Justin Sullivan/Getty Images News/Getty Images

How Many Gen Zers Voted In 2020? This Is So Heartening

This year's high-stakes presidential election has invoked the voting power of a record-breaking number of Americans across the country, handily surpassing 2016 turnout totals through early voting alone. In the weeks before Election Day, the United States saw over 100 million people cast their ballots. Younger demographics, such as Gen Z, have been characterized by many political experts as a largely "untapped" population when it comes to political participation in typical elections. However, everyone knows the election between incumbent President Donald Trump and Democratic presidential candidate Joe Biden has been anything but typical — which begs the question: Exactly how many Gen Zers voted in 2020? And who for?

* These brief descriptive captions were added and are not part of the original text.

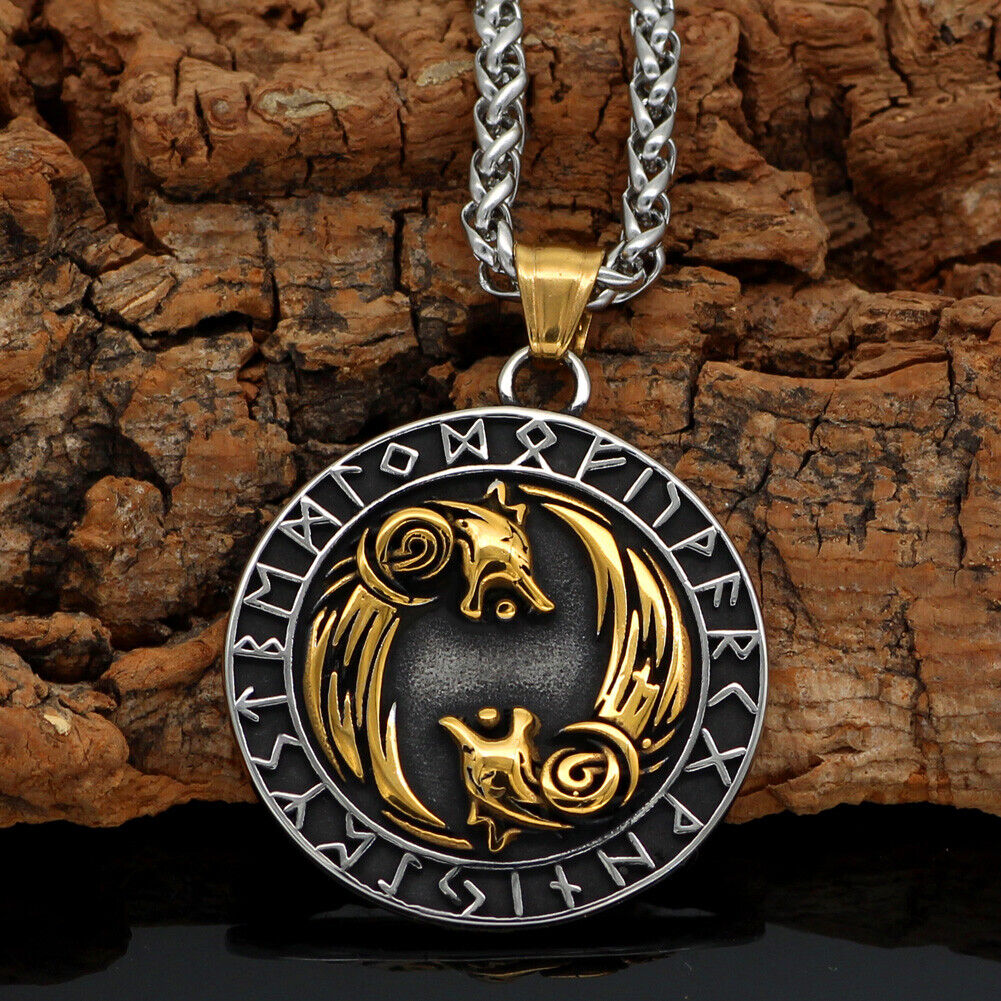 Men\'s Vintage Stainless Steel Nordic Viking Runes Wolf Pendant Necklace Amulet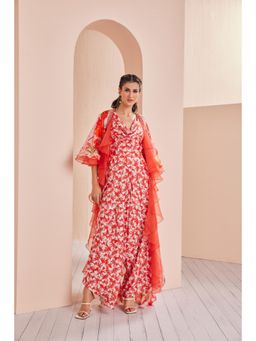 MANDIRA WIRK - Printed Satin Jumpsuit with Chiffon Cape (Set of 2)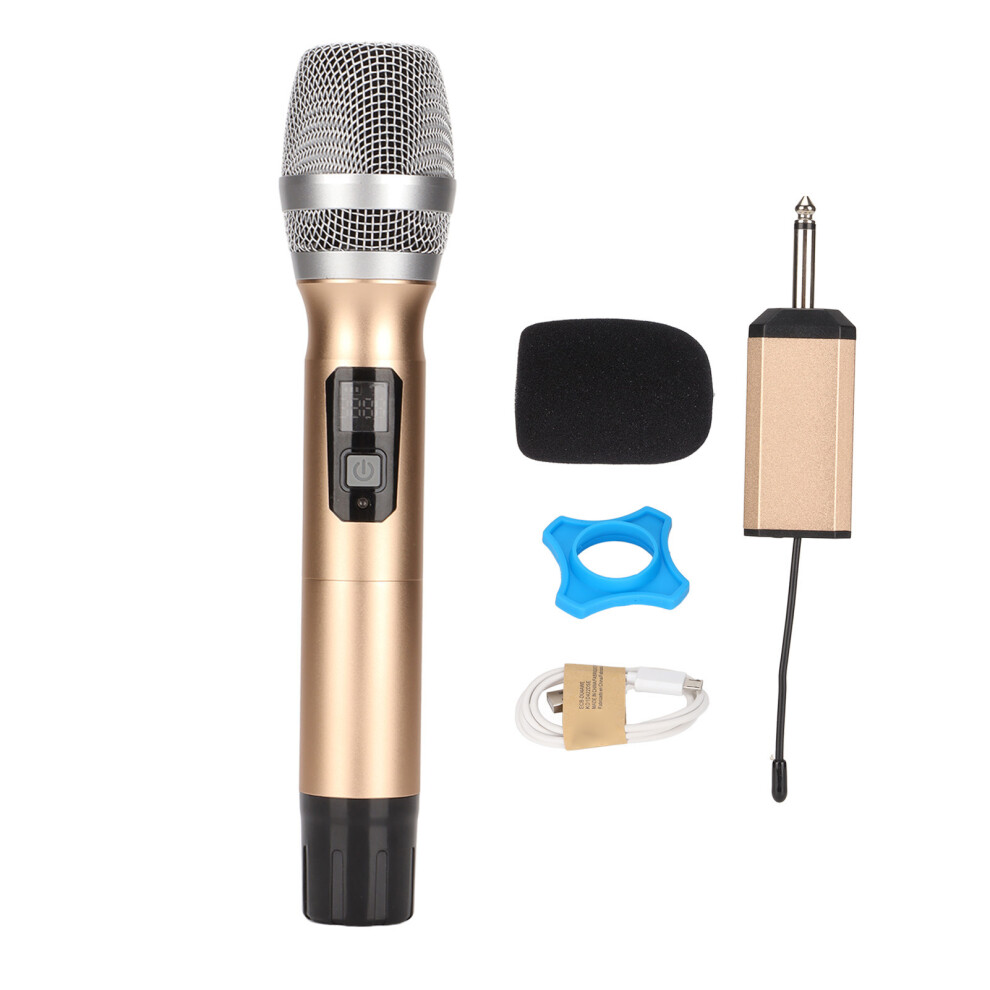 Professional Uhf Cordless Dynamic Mic, Stable Signal For Meeting Party Church Dj Wedding With Rugged Metal Structure (Gold) Gold 9138057327137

The 2020 election is the first to see a substantial portion of Gen Z voters, largely because they've been too young to participate in the past. In fact, the oldest members of this generation just turned 23 this year, meaning that for the majority of them, the 2020 election was their first time casting a ballot for a potential president. According to a report from Pew Research Center, the total number of Gen Zers who voted in the 2016 election amounted to just 4%. But in 2020, that number has more than doubled — a full 10% of eligible voters this year were expected to be Gen Zers. Put that in real terms, and that means a full 24 million 2020 eligible voters are expected to be between ages 18 and 23.

SAUL LOEB/AFP/Getty Images

Early data seems to support this: Per CNN exit polls, as of 6 p.m. ET on Nov. 3, people between the ages of 18 and 29 made up 16% of voters. If current estimates of around 160 million voters overall holds true, that would mean 25.6 million voters under age 30. Analysis from the Center for Information and Research on Civic Learning and Engagement (CIRCLE) at Tufts University is also optimistic — early projections estimate 53% to 56% of eligible voters age 18-29 showed up to cast a ballot, compared to an estimated 45% to 48% in 2016.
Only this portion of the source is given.